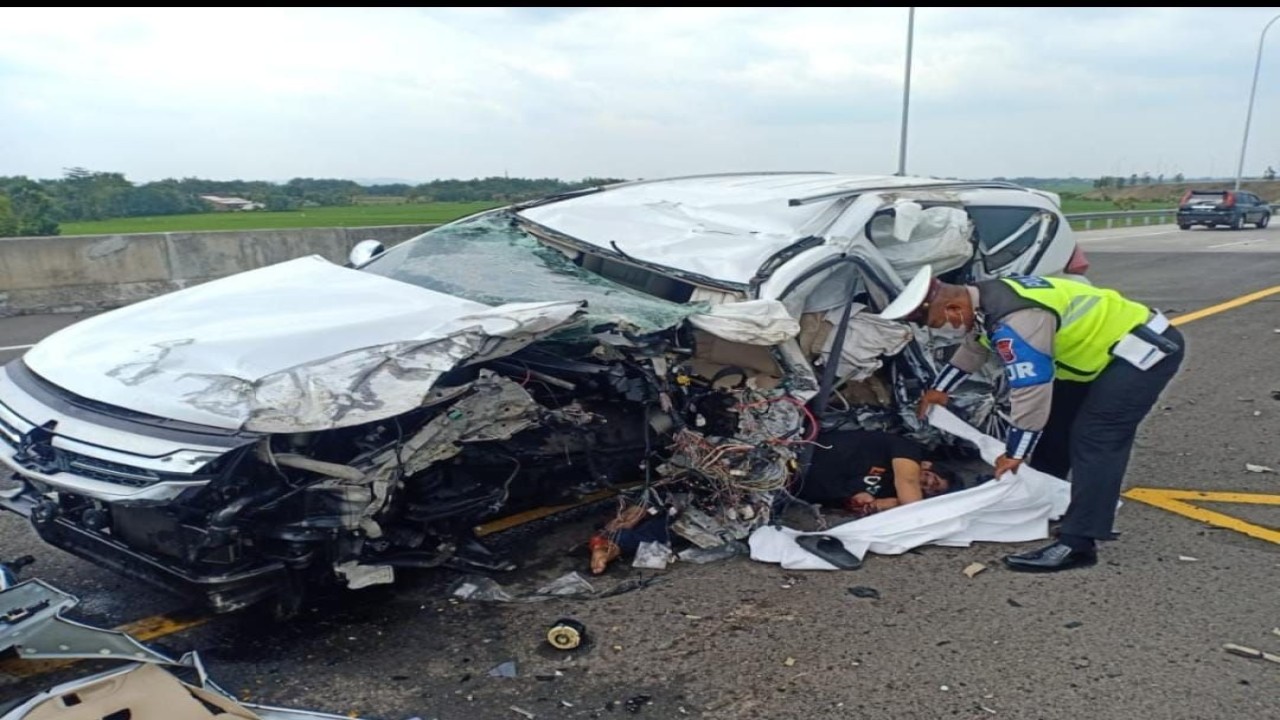 Mobil yang ditumpangi Vanessa Angel  dan suami rusak parah/ist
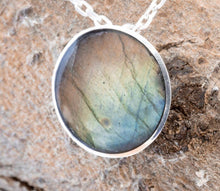 Load image into Gallery viewer, Labradorite Round Silver Pendant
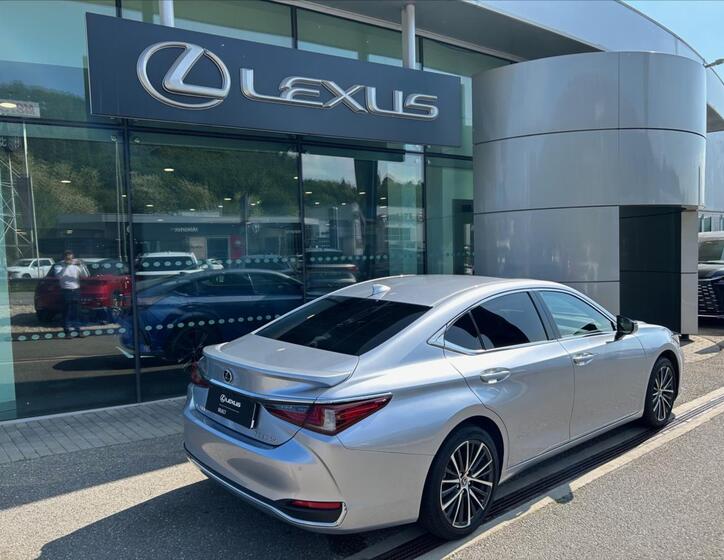Lexus ES 300h 7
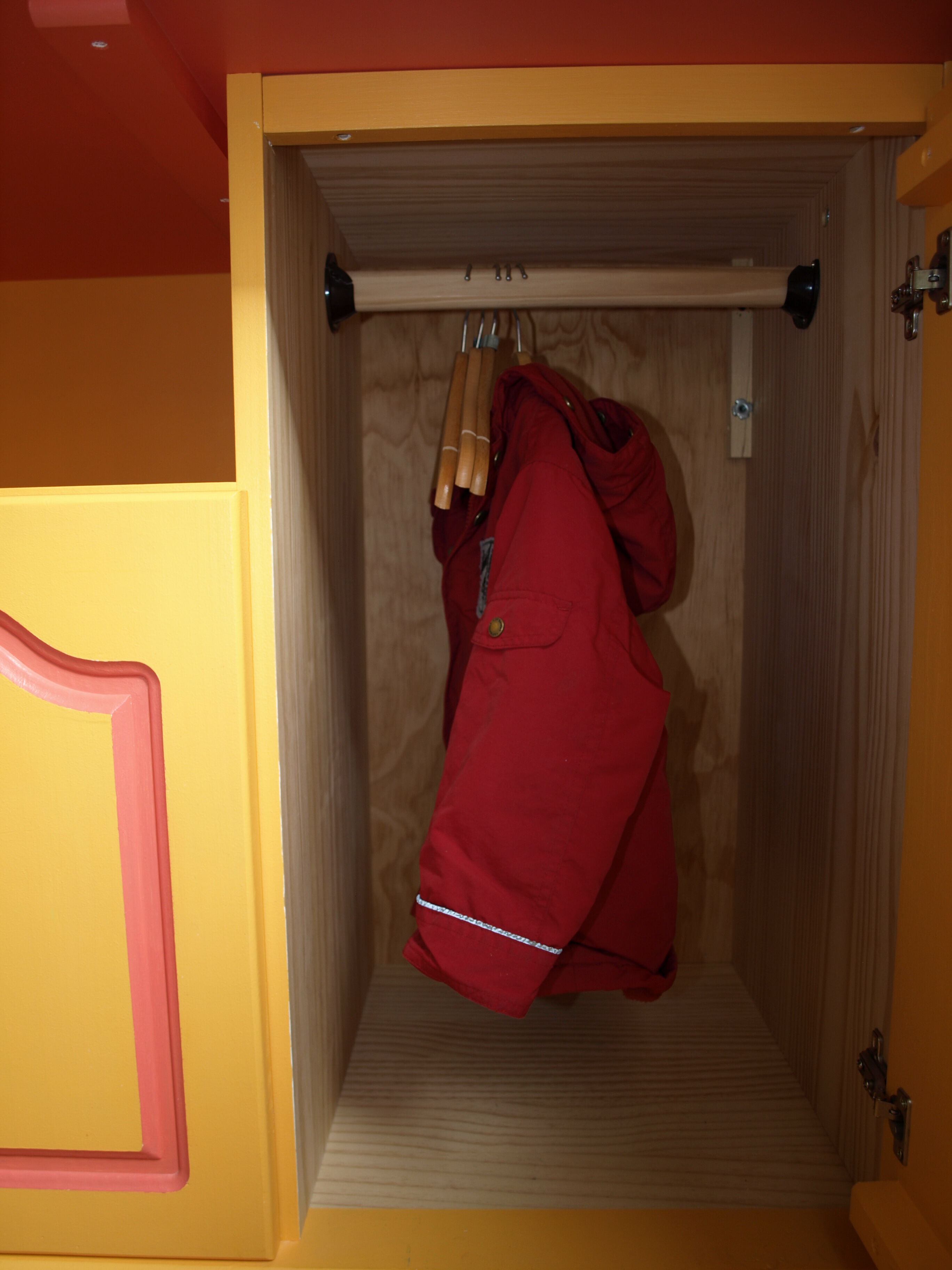 Chest of drawers with solid pine changing table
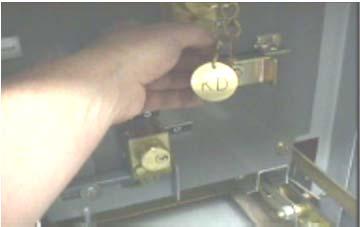 14 Figure 3.6.15 Closed Locking Device, has Insert Key KD in Key Lock K4 and Rotate Remove Key KB from Key Lock K4 electrically enabled the OPEN circuit.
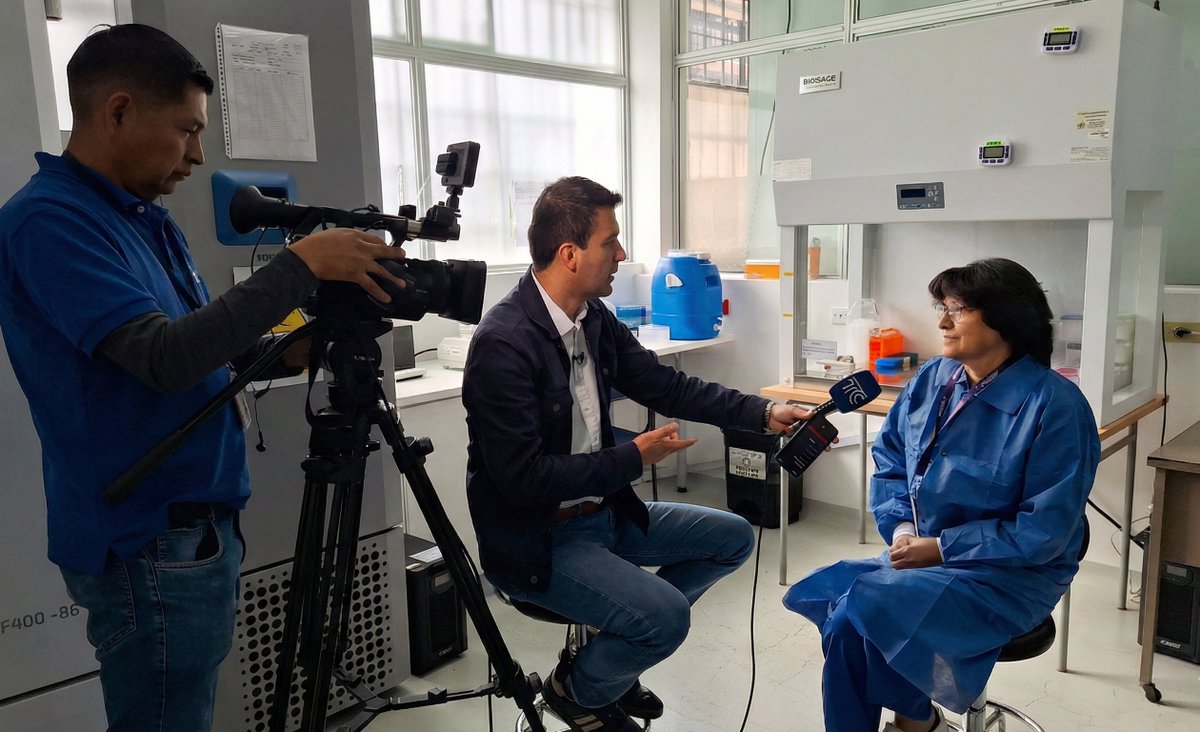INSPI_ECUADOR's tweet image. #INSPIEnMedios | Hoy el equipo de @tctelevision visitó el INSPI, en Quito, donde conoció diversos espacios como el área de toma de muestras y los laboratorios de toxicología y análisis 🧪🔬

Durante el recorrido conversaron con nuestros profesionales para la elaboración de un…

WHAT YOU NEED TO DO: Beginning with the line containing "Chest of drawers" and ending with the last line of the data, output those lines exactly and nothing more. Omit every picture.

OUTPUT OF THE TASK:
 Chest of drawers with solid pine changing table
 14 Figure 3.6.15 Closed Locking Device, has Insert Key KD in Key Lock K4 and Rotate Remove Key KB from Key Lock K4 electrically enabled the OPEN circuit.
INSPI_ECUADOR's tweet image. #INSPIEnMedios | Hoy el equipo de @tctelevision visitó el INSPI, en Quito, donde conoció diversos espacios como el área de toma de muestras y los laboratorios de toxicología y análisis 🧪🔬

Durante el recorrido conversaron con nuestros profesionales para la elaboración de un…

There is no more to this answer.